• [Instructions for the task] Retype exactly the span of lines below from the one with "Image no. 1" through the one with "Qual a dieta". Do not include pictures.

• [Data to examine]

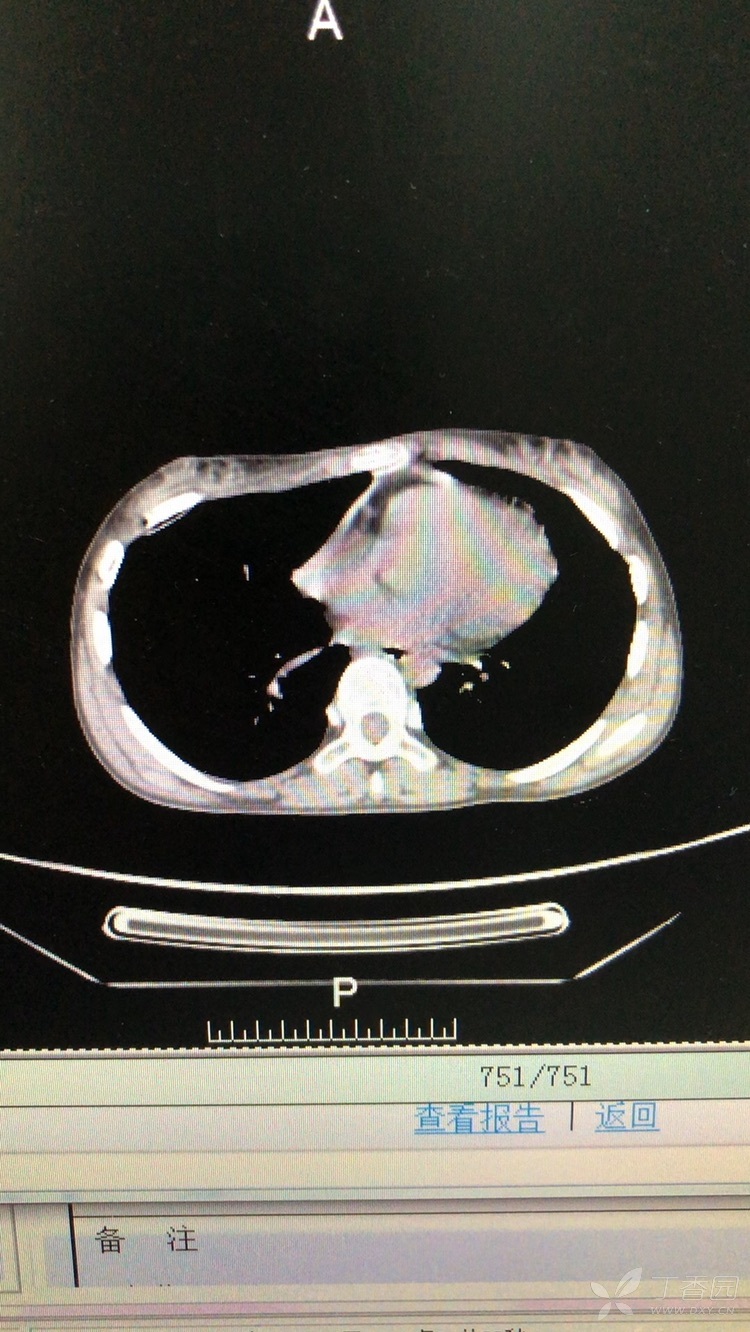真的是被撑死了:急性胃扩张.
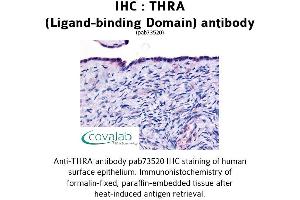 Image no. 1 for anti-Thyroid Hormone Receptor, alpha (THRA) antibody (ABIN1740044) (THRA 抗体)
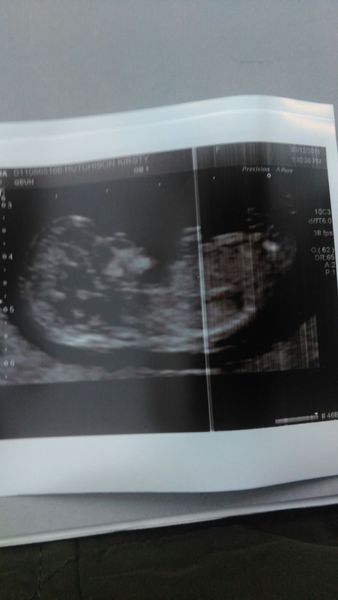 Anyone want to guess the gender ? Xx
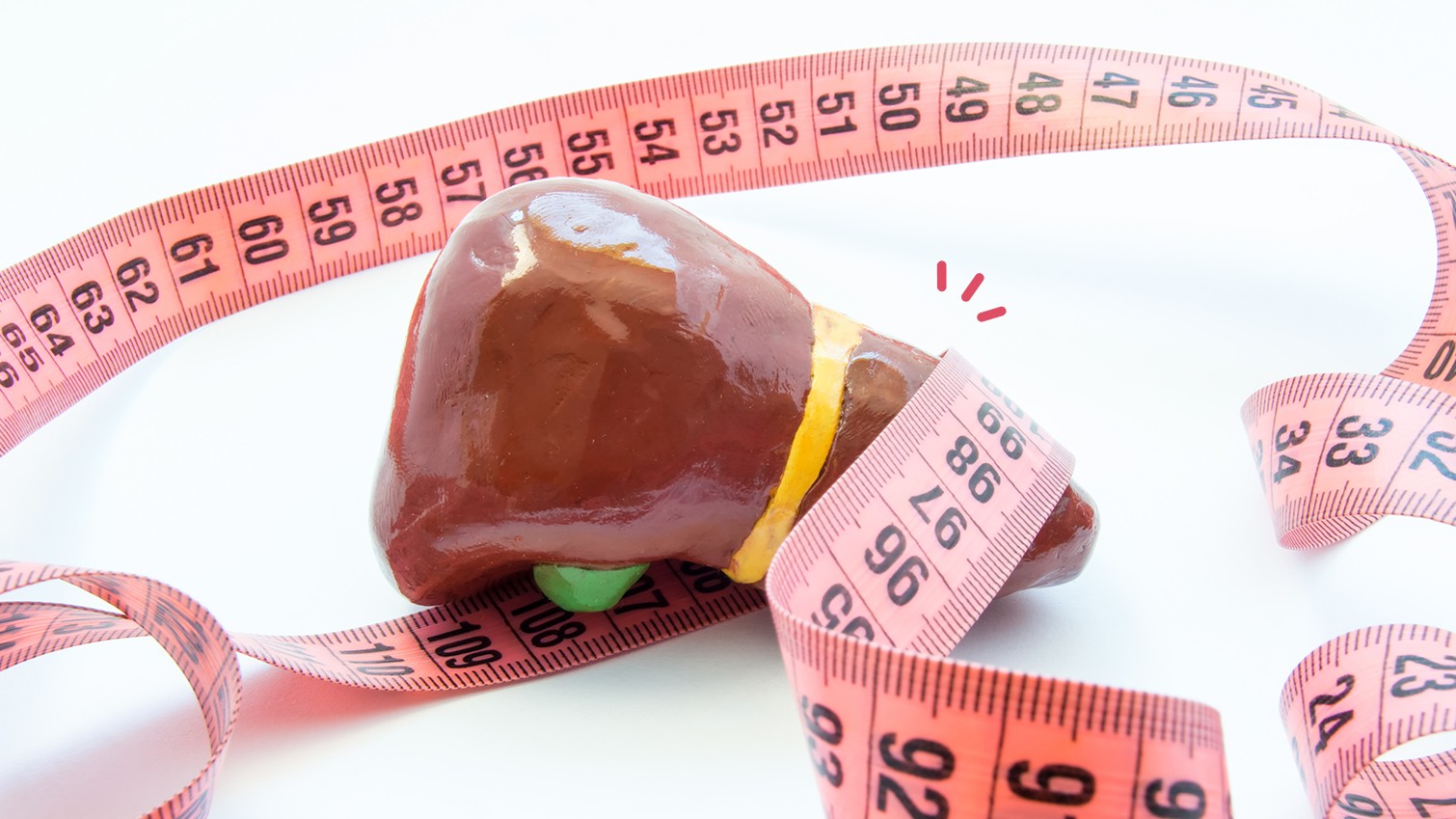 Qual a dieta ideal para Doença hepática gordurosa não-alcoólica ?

...

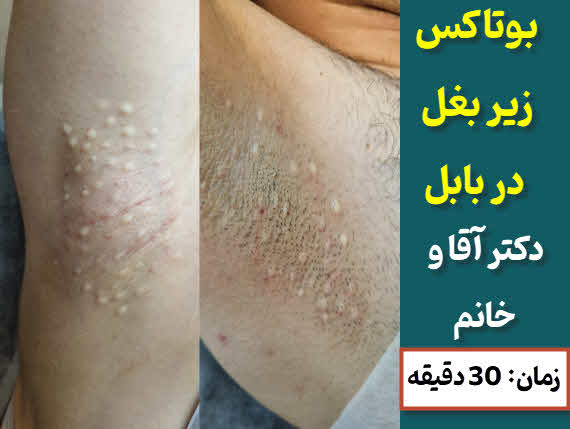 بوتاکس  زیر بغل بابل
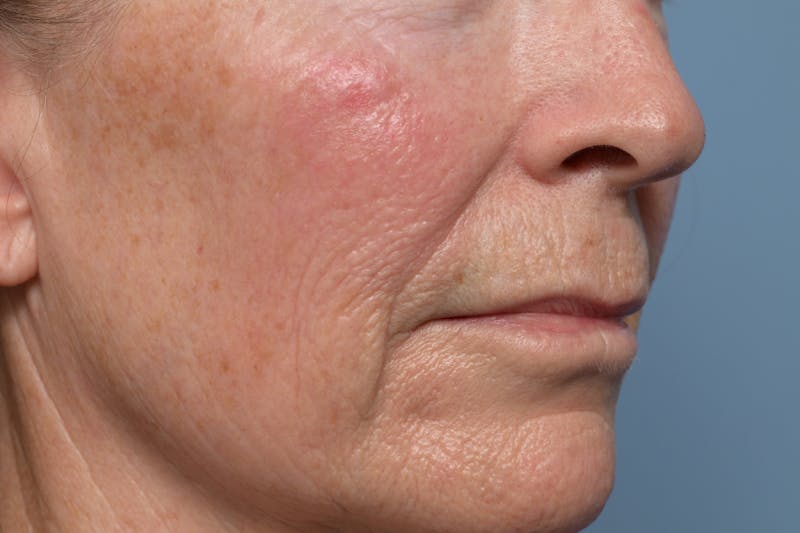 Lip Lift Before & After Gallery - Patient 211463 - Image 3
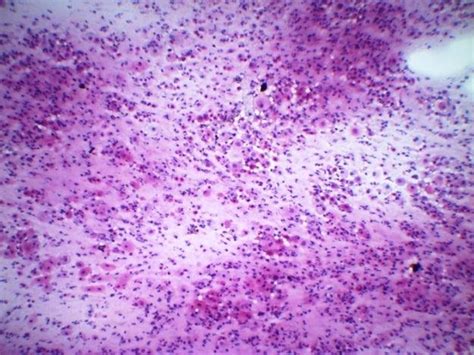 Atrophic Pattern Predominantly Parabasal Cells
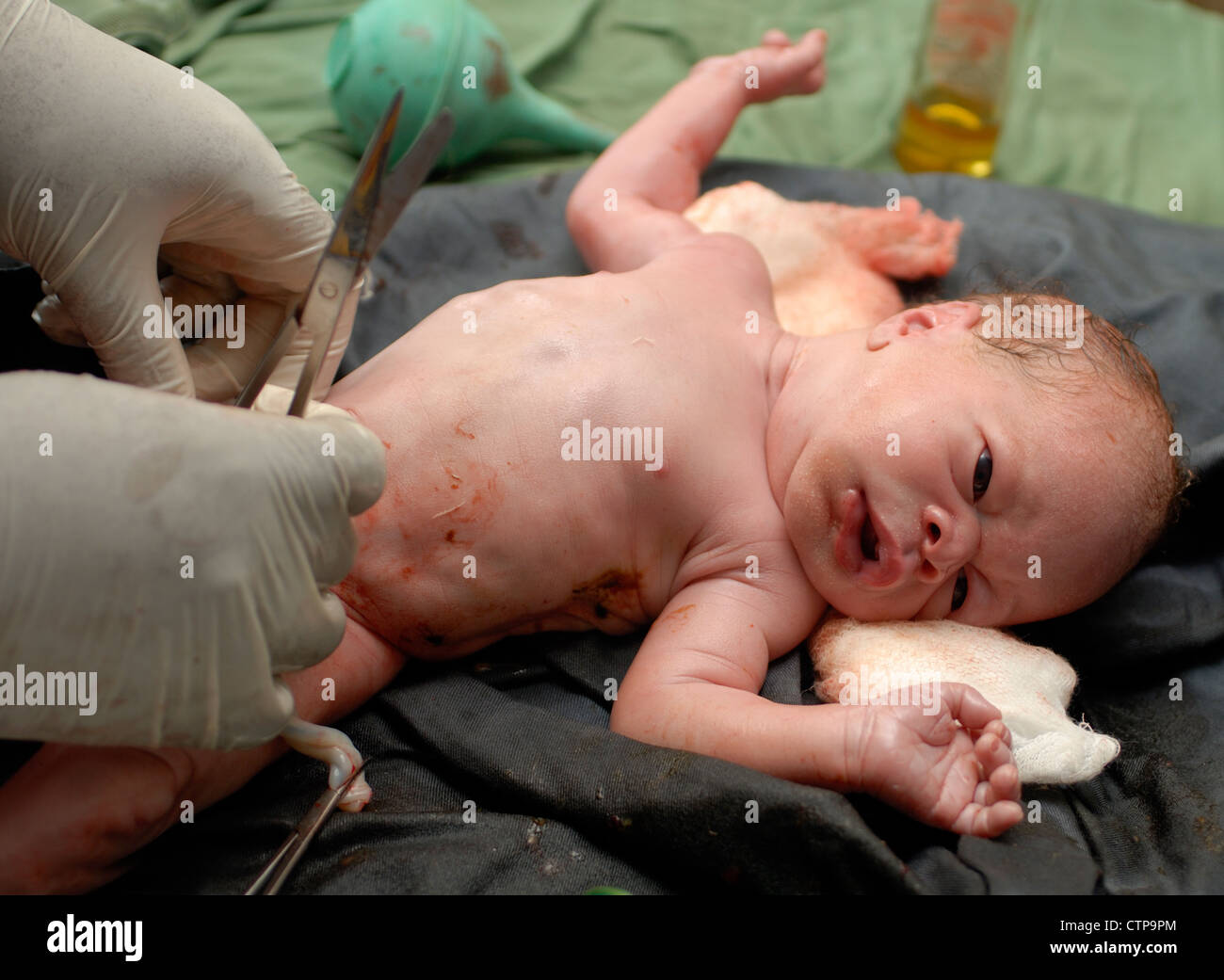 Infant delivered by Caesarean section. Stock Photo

• [Exercise solution]
 Image no. 1 for anti-Thyroid Hormone Receptor, alpha (THRA) antibody (ABIN1740044) (THRA 抗体)
 Anyone want to guess the gender ? Xx
 Qual a dieta ideal para Doença hepática gordurosa não-alcoólica ?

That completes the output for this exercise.